A “voter suppression” panel at the Campus Progress National Conference featured a group of panelists who made the argument that a recent string of voter ID laws in certain states are purposefully kicking minorities and students off the voter rolls. But it was Lee Rowland from the Brennan Center for Justice who made the most egregious statements regarding how voter ID laws were meant to “screw over students.”
Rowland said there were also five states that gained a “scarlet letter” when it comes to voter suppression and there are three states that have “explicitly” designed their laws to exclude students. According to her, the worst offenders include Texas, South Carolina and Wisconsin.
Rowland believes photo ID laws are generally bad because 1 in 10 Americans do not have any kind of government-issued ID.
The “non-partisan” Brennan Center for Justice is leading the Left’s charge against photo ID voter laws.

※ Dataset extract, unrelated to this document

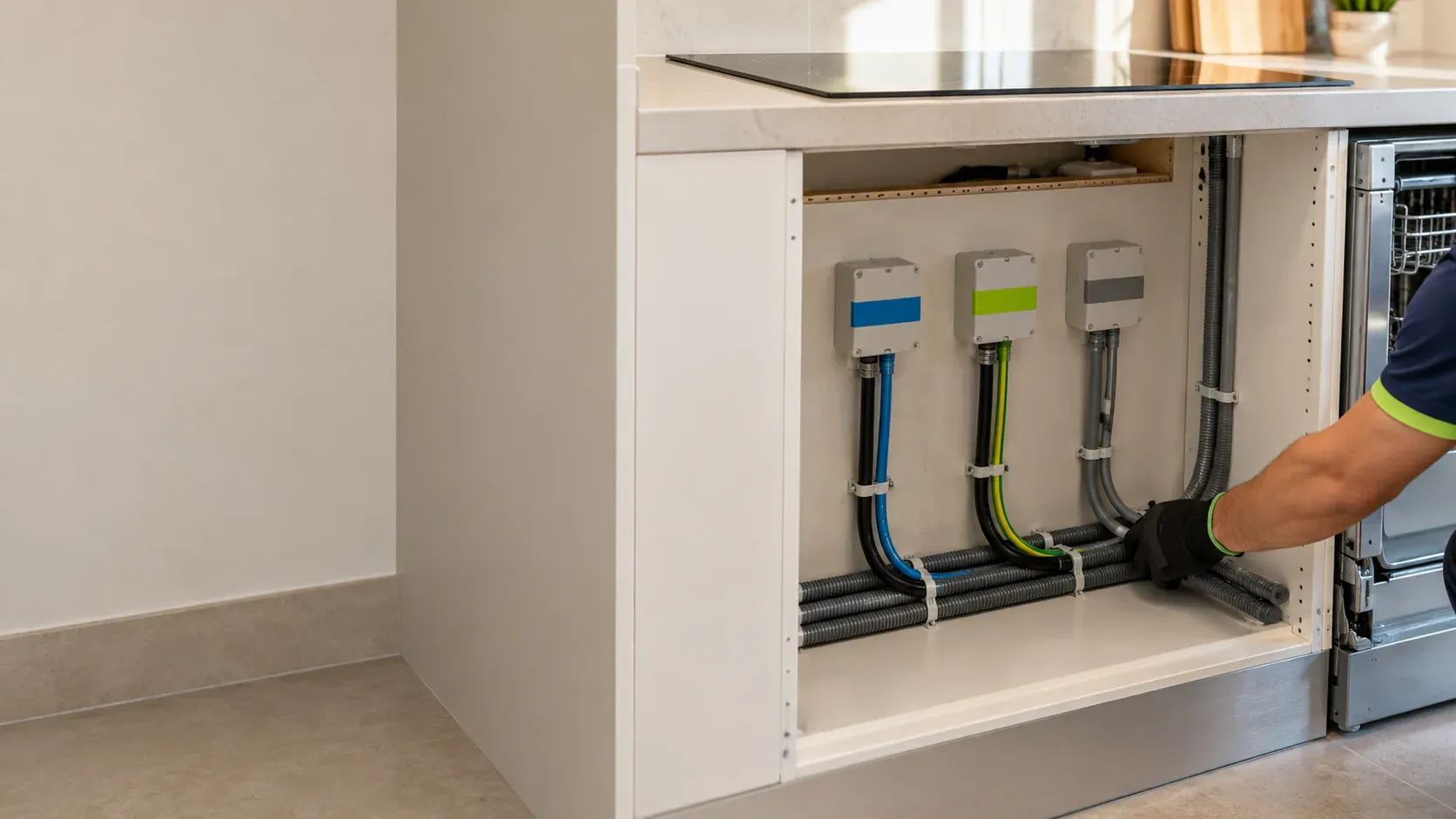 Electrician connecting the line for an induction hob in a kitchen under renovation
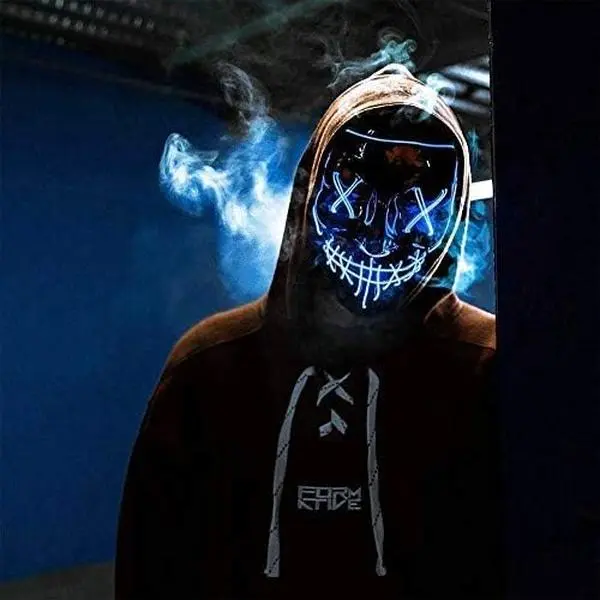 iChase Light Up Purge Scary Mask, EL Wire Neon Cosplay Mask, Flashing LED Rave Mask for Halloween Decorations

“There have been a number of laws passed in the last few years in state legislatures that do, and are intended to make it more difficult to register and to vote,” said Rowland. “They are making it harder to actually register and to actually vote, for all kinds of voters.”
Rowland went so far as to suggest that current laws are designed to purposely keep students from voting, with these laws having certain restrictions on residency for the days leading up to the election.
Rowland also claimed that the new laws would also disproportionately affect the elderly and minority voters.
Despite conservatives’ calls for action on Voter ID fraud, Democrats have claimed that simply presenting a photo ID at polling places would be discriminatory toward certain Americans—most often times Democratic constituents.
The other panelists include Ari Berman, a writer for The Nation and author of Herding Donkeys: The Fight to Rebuild the Democratic Party and Reshape American Politics, Dan Vicuna, the Campus Vote Project Coordinator, and Tara McGuinness, Senior Vice President for the Center for American Progress.
Campus Progress is a gathering of like-minded progressive students who gather each year at their convention in Washington, D.C. in order to promote their campus activism initiatives.